─── STORED DATA

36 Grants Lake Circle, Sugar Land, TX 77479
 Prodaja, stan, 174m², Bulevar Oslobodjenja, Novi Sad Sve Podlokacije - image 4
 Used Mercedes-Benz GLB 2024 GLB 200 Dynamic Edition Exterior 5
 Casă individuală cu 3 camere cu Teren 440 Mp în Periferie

──────

__INSTRUCTIONS FOR THE TASK__: An exact copy of the lines from the one with "Used Mercedes-Benz GLB" through the last line of the listing is the whole answer.

__EXERCISE RESULT__:
 Used Mercedes-Benz GLB 2024 GLB 200 Dynamic Edition Exterior 5
 Casă individuală cu 3 camere cu Teren 440 Mp în Periferie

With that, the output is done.